-- What is needed --
Reproduce the entries in full. Exclude all images from the copy.

Start of Study material

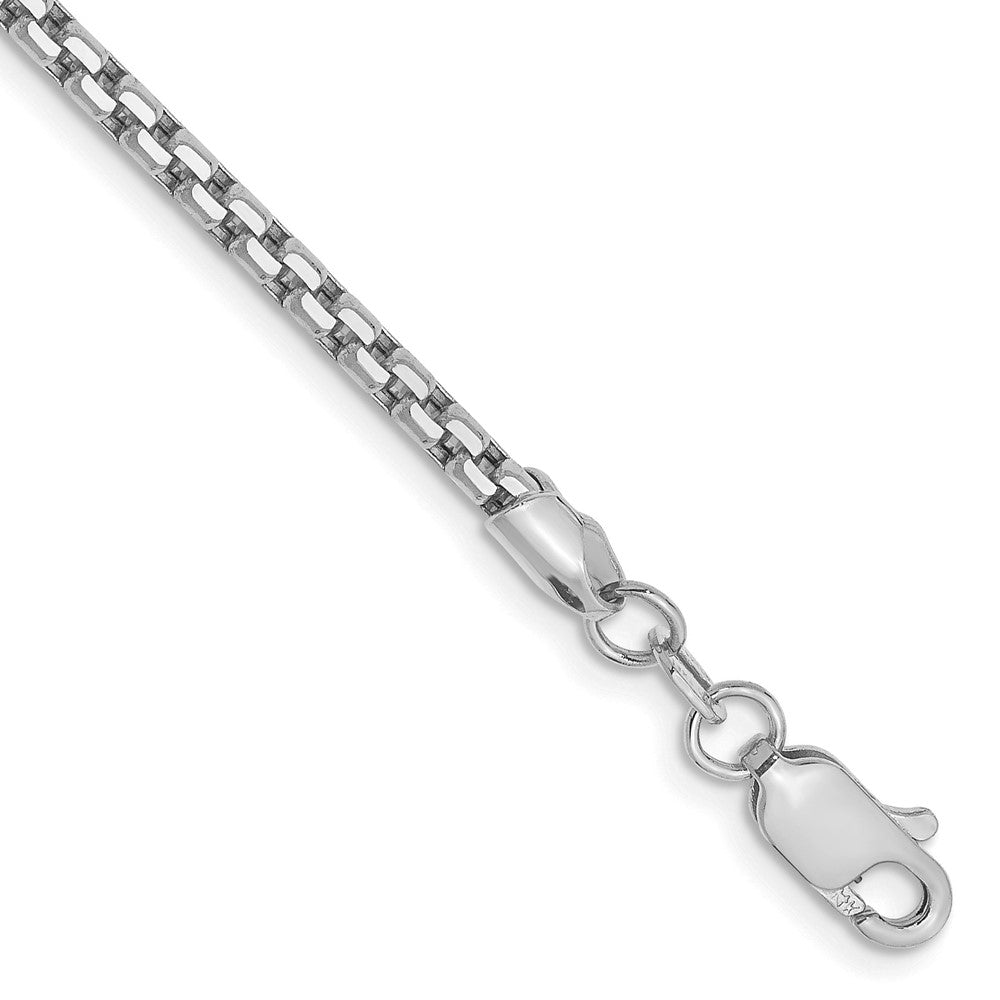 14K White Gold 7 inch 2.45mm Semi-Solid Round Box with Lobster Clasp Bracelet 7 inches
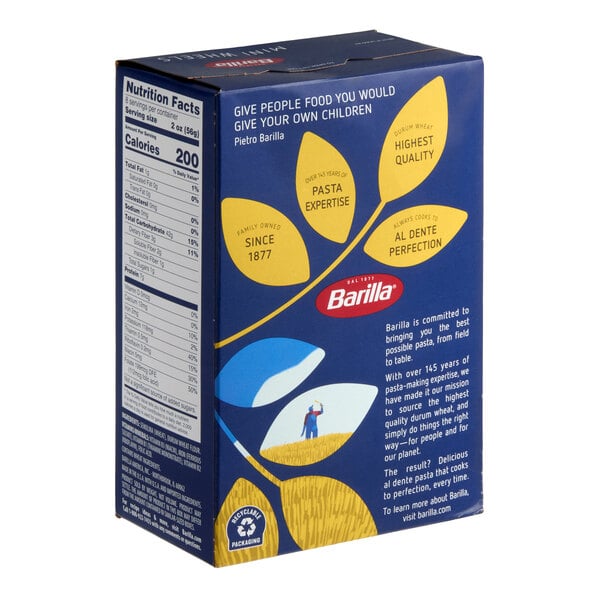 A 1 lb. box of Barilla Mini Wheels pasta.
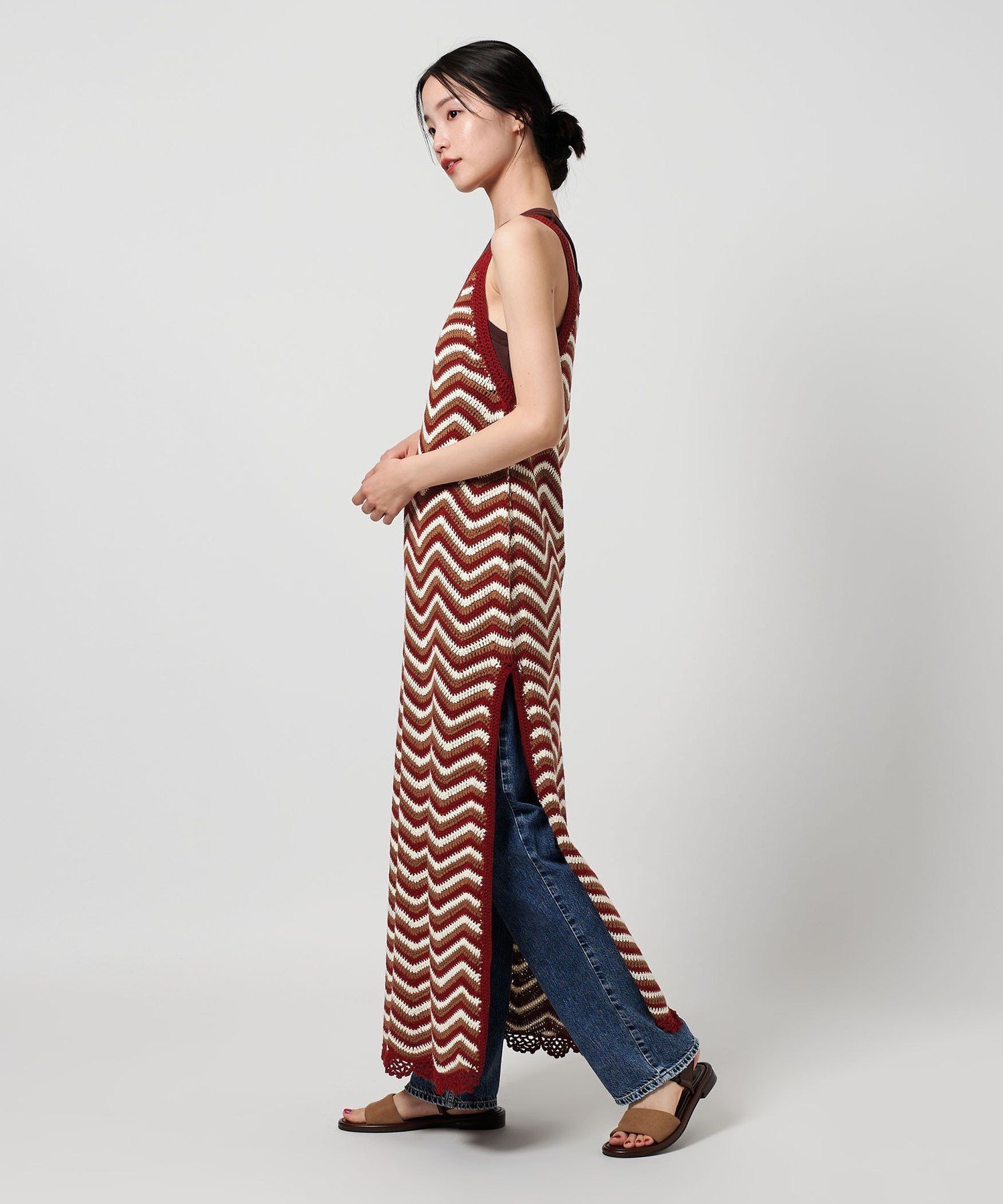 【ユナイテッドアローズ/UNITED ARROWS】の【別注】 LOGAN knitting mills ニット ワンピース インテリア・キッズ・メンズ・レディースファッション・服の通販 founy(ファニー) 　ファッション　Fashion　レディースファッション　Fashion for Women　ワンピース　Dresses　ニットワンピース　Knit Dresses　インナー　Innerwear　洗える　Machine Washable　今季　This Season, Current Season　スペシャル　Special, Limited Edition　スリット　Slit, Slit Detail　タンク　Tank Top, Sleeveless Top　デニム　Denim, Jeans Material　別注　Limited Edition, Custom Order　ワイド　Wide, Wide Fit　アウトレット　Outlet / Clearance　おすすめ　Recommended / Our Picks　夏　Summer　RED|ID: prp329100004836151 ipo3291000000035226981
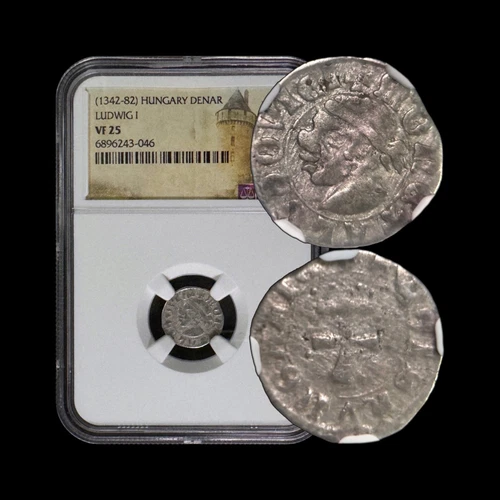 HUNGARY. 1373, Denar, Silver - NGC VF25 - Louis I, Denarius Saracenus Saracen 46
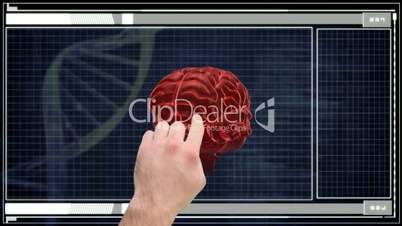 Hand using medical touchscreen interface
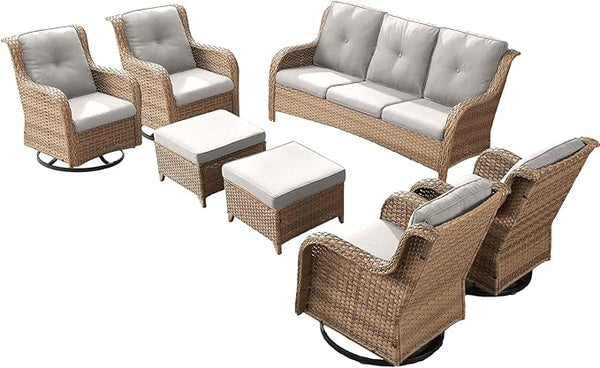 Rilyson Patio Furniture Swivel Chairs Set - 7 Piece Wicker Rattan Outdoor Sectional Conversation Sets with 4 Swivel - Photo 1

End of Study material

-- Solved exercise --
 14K White Gold 7 inch 2.45mm Semi-Solid Round Box with Lobster Clasp Bracelet 7 inches
 A 1 lb. box of Barilla Mini Wheels pasta.
 【ユナイテッドアローズ/UNITED ARROWS】の【別注】 LOGAN knitting mills ニット ワンピース インテリア・キッズ・メンズ・レディースファッション・服の通販 founy(ファニー) 　ファッション　Fashion　レディースファッション　Fashion for Women　ワンピース　Dresses　ニットワンピース　Knit Dresses　インナー　Innerwear　洗える　Machine Washable　今季　This Season, Current Season　スペシャル　Special, Limited Edition　スリット　Slit, Slit Detail　タンク　Tank Top, Sleeveless Top　デニム　Denim, Jeans Material　別注　Limited Edition, Custom Order　ワイド　Wide, Wide Fit　アウトレット　Outlet / Clearance　おすすめ　Recommended / Our Picks　夏　Summer　RED|ID: prp329100004836151 ipo3291000000035226981
 HUNGARY. 1373, Denar, Silver - NGC VF25 - Louis I, Denarius Saracenus Saracen 46
 Hand using medical touchscreen interface
 Rilyson Patio Furniture Swivel Chairs Set - 7 Piece Wicker Rattan Outdoor Sectional Conversation Sets with 4 Swivel - Photo 1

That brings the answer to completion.